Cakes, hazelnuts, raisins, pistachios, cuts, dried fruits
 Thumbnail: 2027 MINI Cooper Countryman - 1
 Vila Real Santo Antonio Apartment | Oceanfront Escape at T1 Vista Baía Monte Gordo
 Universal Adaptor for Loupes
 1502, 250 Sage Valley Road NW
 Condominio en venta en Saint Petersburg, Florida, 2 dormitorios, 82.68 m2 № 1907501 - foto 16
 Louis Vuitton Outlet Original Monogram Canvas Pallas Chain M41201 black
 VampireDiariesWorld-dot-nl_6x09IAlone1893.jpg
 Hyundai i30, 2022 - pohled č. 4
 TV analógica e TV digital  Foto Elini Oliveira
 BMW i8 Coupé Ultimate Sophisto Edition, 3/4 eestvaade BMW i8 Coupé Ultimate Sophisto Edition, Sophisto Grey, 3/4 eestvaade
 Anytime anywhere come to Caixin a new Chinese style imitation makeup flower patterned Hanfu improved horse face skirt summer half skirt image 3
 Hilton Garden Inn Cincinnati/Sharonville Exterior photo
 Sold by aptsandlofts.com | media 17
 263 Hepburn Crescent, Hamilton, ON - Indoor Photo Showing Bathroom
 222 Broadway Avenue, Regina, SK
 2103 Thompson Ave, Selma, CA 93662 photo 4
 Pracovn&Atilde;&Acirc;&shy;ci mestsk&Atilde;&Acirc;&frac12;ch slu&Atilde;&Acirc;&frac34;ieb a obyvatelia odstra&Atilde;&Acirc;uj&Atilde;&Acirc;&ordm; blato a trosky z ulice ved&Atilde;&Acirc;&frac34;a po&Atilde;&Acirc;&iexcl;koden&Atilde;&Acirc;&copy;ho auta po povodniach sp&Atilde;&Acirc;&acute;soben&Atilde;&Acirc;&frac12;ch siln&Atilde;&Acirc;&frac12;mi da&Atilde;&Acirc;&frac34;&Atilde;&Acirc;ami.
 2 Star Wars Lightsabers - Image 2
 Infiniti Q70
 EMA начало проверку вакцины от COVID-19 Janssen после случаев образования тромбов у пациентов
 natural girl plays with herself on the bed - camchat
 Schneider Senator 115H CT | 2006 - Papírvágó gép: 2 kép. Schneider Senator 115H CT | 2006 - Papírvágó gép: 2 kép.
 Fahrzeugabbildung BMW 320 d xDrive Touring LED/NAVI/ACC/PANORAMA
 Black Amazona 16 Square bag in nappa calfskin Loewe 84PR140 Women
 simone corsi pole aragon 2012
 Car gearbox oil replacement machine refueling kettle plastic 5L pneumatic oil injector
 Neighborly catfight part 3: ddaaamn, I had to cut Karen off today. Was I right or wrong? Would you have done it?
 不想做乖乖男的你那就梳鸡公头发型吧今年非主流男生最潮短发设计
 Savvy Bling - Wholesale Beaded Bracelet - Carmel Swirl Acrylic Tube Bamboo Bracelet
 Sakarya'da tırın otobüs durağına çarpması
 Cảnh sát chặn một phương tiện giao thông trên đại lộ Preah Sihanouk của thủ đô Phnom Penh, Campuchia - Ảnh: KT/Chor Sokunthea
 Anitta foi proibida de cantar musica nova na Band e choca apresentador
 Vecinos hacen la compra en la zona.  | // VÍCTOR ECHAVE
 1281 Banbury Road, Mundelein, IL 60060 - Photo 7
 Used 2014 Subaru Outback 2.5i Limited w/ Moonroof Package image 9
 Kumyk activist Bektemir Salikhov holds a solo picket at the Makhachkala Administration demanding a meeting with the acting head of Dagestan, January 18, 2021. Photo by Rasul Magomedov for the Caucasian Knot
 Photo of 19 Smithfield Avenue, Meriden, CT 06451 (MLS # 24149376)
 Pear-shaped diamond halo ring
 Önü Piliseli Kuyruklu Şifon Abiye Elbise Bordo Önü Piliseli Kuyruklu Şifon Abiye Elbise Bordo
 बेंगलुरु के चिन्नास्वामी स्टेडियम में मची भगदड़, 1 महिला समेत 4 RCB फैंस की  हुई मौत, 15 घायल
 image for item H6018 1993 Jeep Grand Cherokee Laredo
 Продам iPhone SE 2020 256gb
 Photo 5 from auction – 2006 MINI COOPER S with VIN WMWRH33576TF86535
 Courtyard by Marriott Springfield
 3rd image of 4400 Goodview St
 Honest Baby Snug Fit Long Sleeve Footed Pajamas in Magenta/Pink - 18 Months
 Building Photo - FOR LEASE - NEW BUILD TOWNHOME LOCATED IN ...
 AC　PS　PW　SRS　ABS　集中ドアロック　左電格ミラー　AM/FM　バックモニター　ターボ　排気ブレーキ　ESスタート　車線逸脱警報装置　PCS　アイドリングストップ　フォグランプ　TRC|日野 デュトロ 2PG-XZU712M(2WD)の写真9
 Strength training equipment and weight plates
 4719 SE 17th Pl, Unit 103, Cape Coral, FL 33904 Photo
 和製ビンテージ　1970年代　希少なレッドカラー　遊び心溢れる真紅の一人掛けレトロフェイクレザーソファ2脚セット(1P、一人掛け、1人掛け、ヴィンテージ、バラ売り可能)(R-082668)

--

WHAT IS NEEDED:
Reproduce, character for character, only the lines of the preceding data that start at the line with "EMA начало проверку" and end at the line with "Neighborly catfight part", both included.

EXERCISE SOLUTION:
 EMA начало проверку вакцины от COVID-19 Janssen после случаев образования тромбов у пациентов
 natural girl plays with herself on the bed - camchat
 Schneider Senator 115H CT | 2006 - Papírvágó gép: 2 kép. Schneider Senator 115H CT | 2006 - Papírvágó gép: 2 kép.
 Fahrzeugabbildung BMW 320 d xDrive Touring LED/NAVI/ACC/PANORAMA
 Black Amazona 16 Square bag in nappa calfskin Loewe 84PR140 Women
 simone corsi pole aragon 2012
 Car gearbox oil replacement machine refueling kettle plastic 5L pneumatic oil injector
 Neighborly catfight part 3: ddaaamn, I had to cut Karen off today. Was I right or wrong? Would you have done it?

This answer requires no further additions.